HOW TO COMPLETE THIS TASK: The result should be an exact copy of only the lines from the one holding "der zierliche Sand-Mohn" through the last line of the data below, please, without pictures.

Pictures with short captions
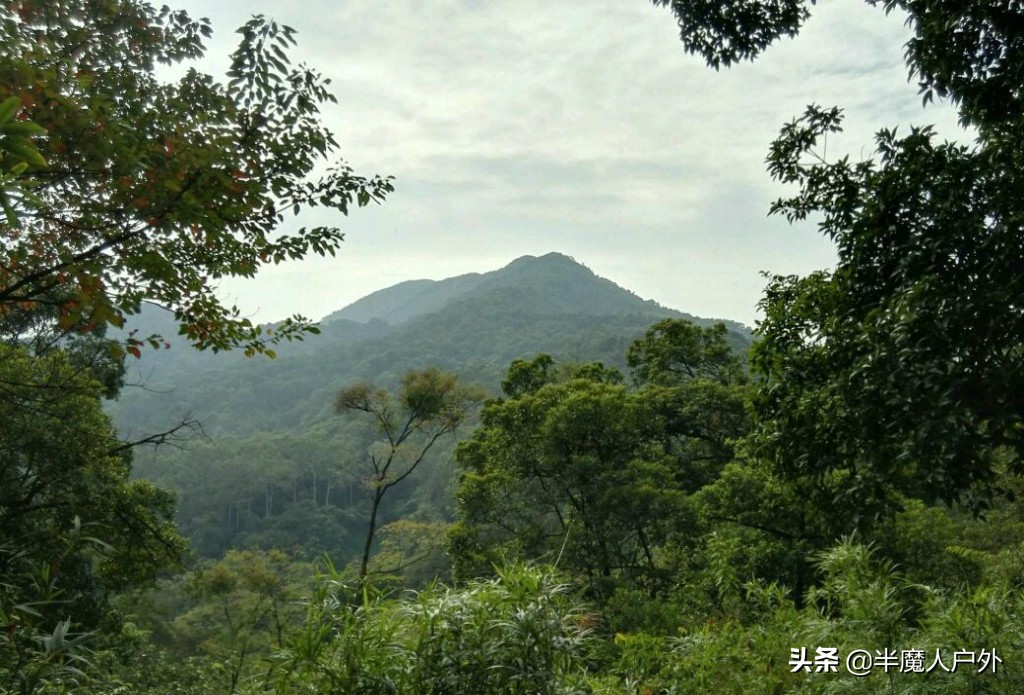 世界著名东方港市，广东广州旅行攻略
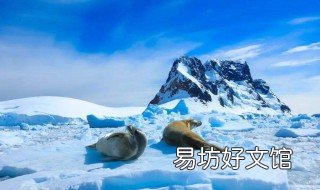 南极几月最冷? 南极什么时候最冷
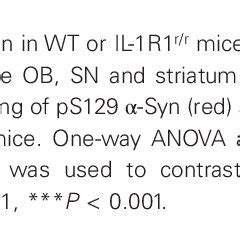 Chronic Lps Intranasal Infusion Induced Phosphorylation Of S Syn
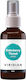 Viridian Eldelberry Throat Spray για Ξηρό Βήχα 50ml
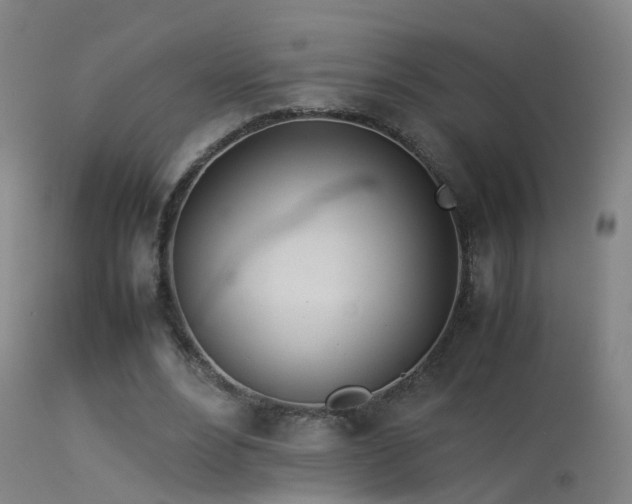 X0000114140488200910151613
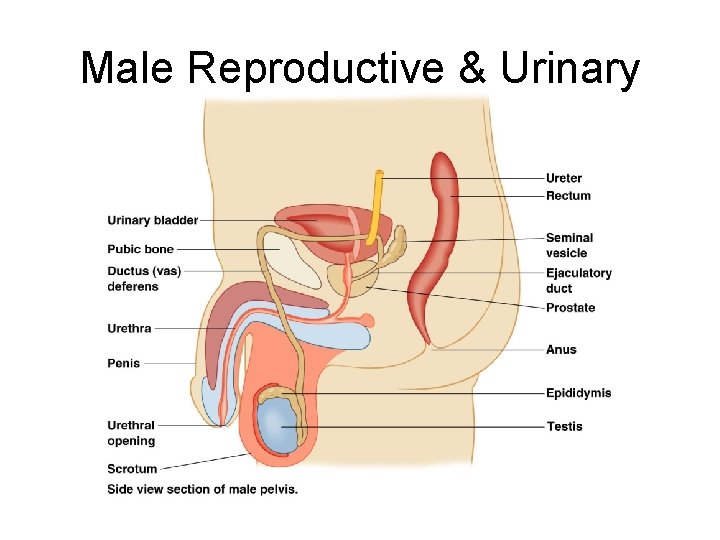 Male Reproductive & Urinary Organs 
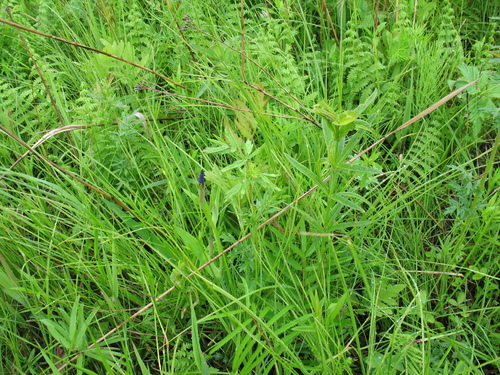 Thelypteris nipponica iNat (3)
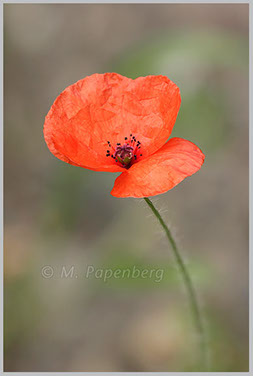 der zierliche Sand-Mohn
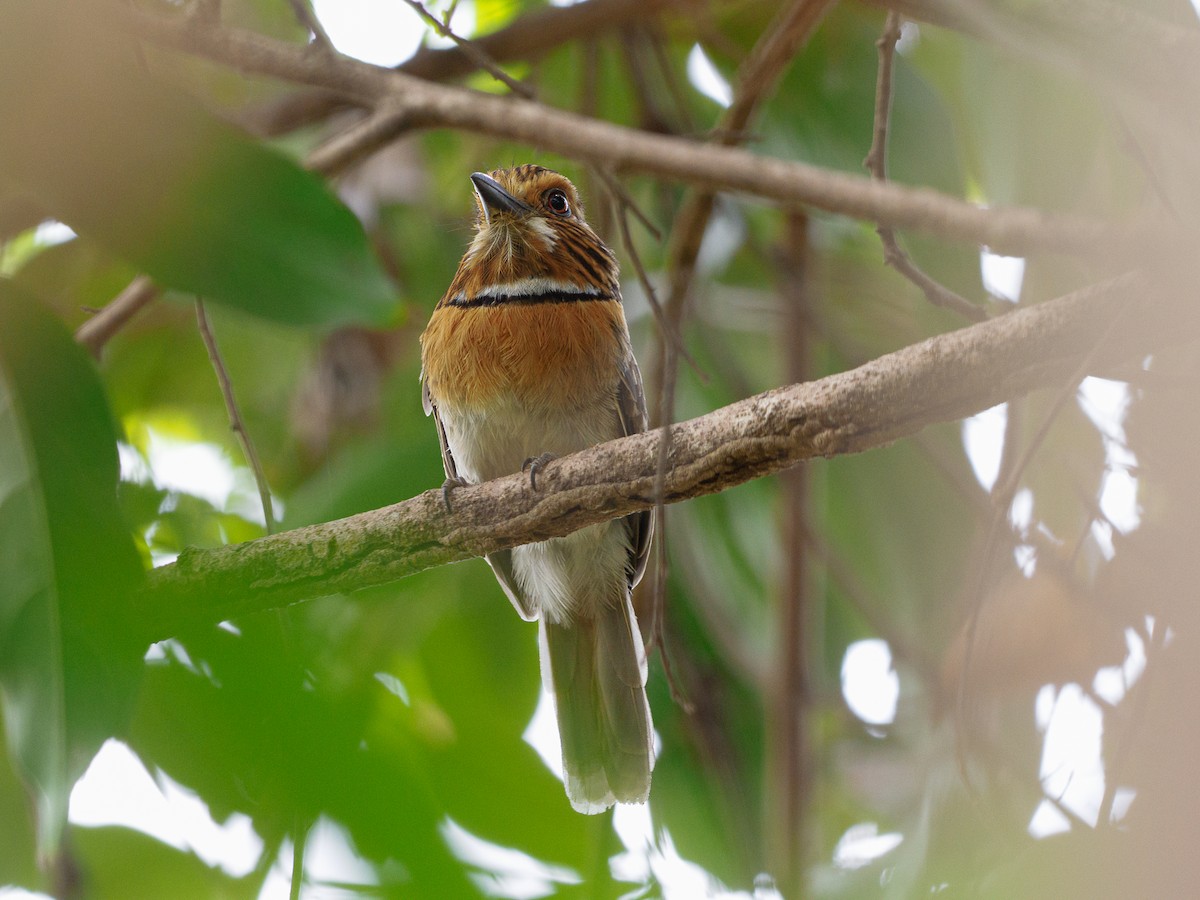 Crescent-chested Puffbird - ML632088924
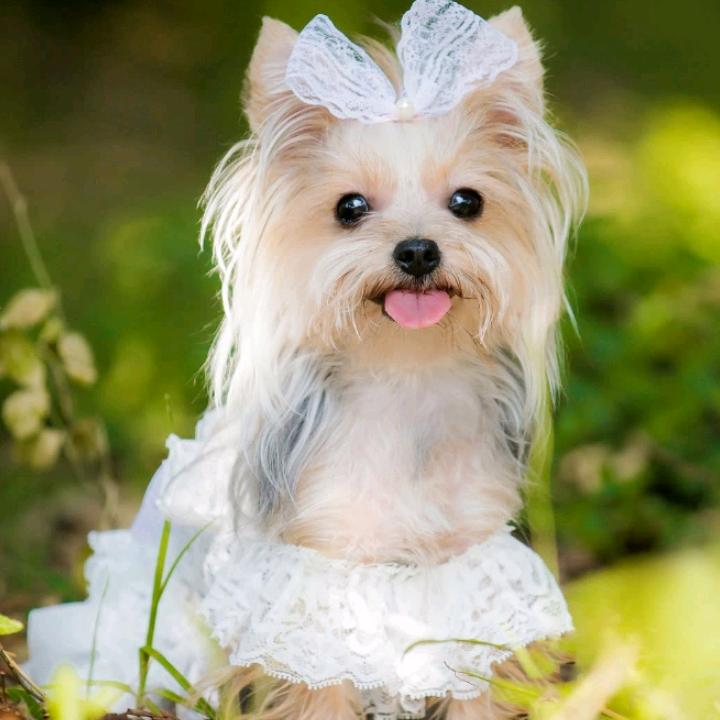 一生只有你。🌹🌹🌹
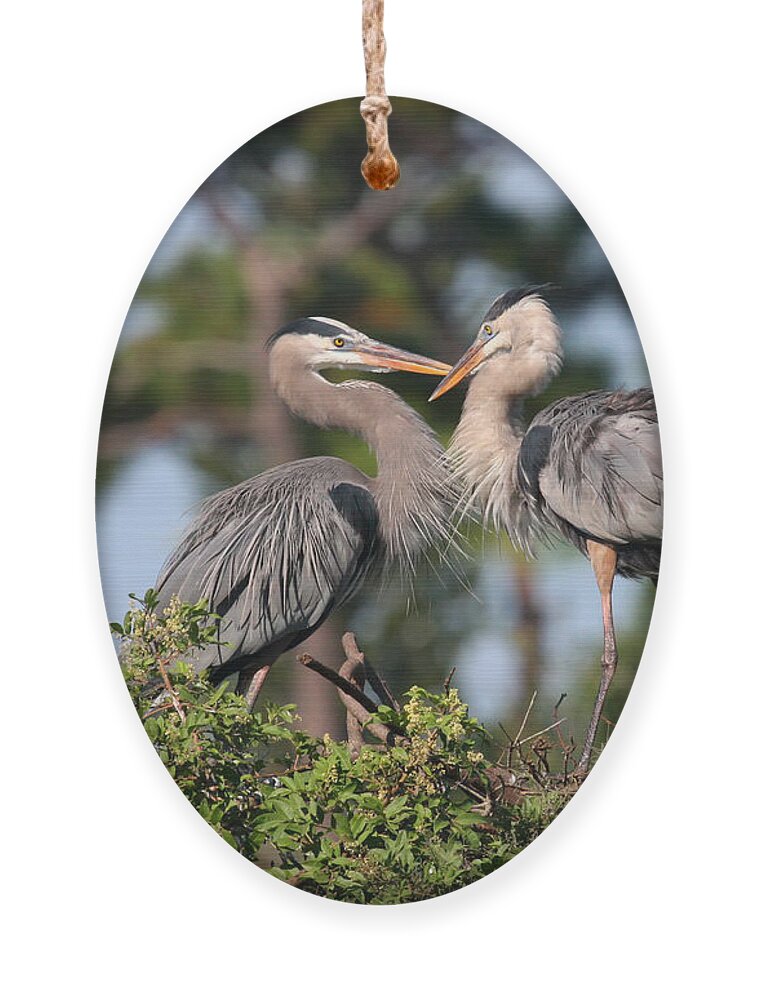 Great Blue Heron Ornament featuring the photograph Love Nest by Jayne Carney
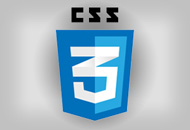 css3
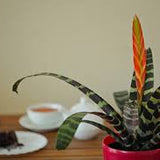 6" Vriesea Splenriet (Flaming Sword)
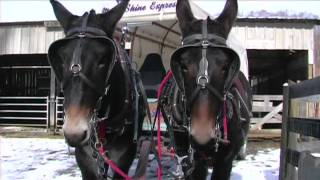 Maury County Mule Owner Explains Mule Day in Columbia, Tennessee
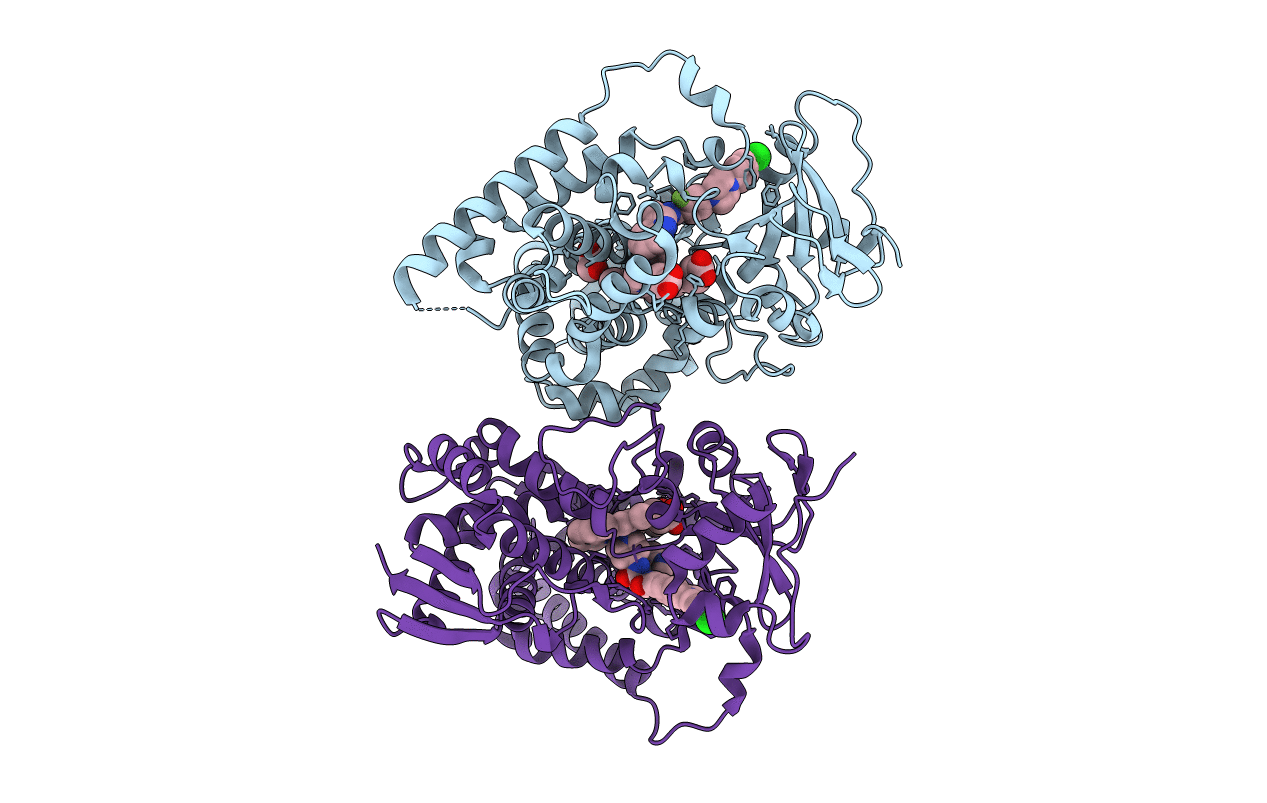 4C28 image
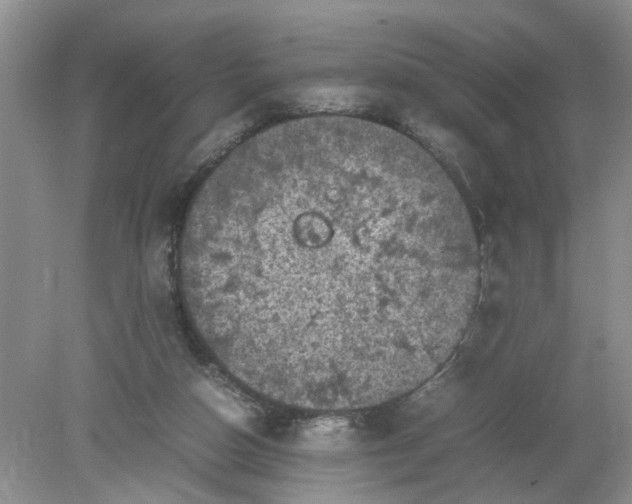 X0000078860162200612041941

OUTPUT OF THE EXERCISE:
 der zierliche Sand-Mohn
 Crescent-chested Puffbird - ML632088924
 一生只有你。🌹🌹🌹
 Great Blue Heron Ornament featuring the photograph Love Nest by Jayne Carney
 css3
 6" Vriesea Splenriet (Flaming Sword)
 Maury County Mule Owner Explains Mule Day in Columbia, Tennessee
 4C28 image
 X0000078860162200612041941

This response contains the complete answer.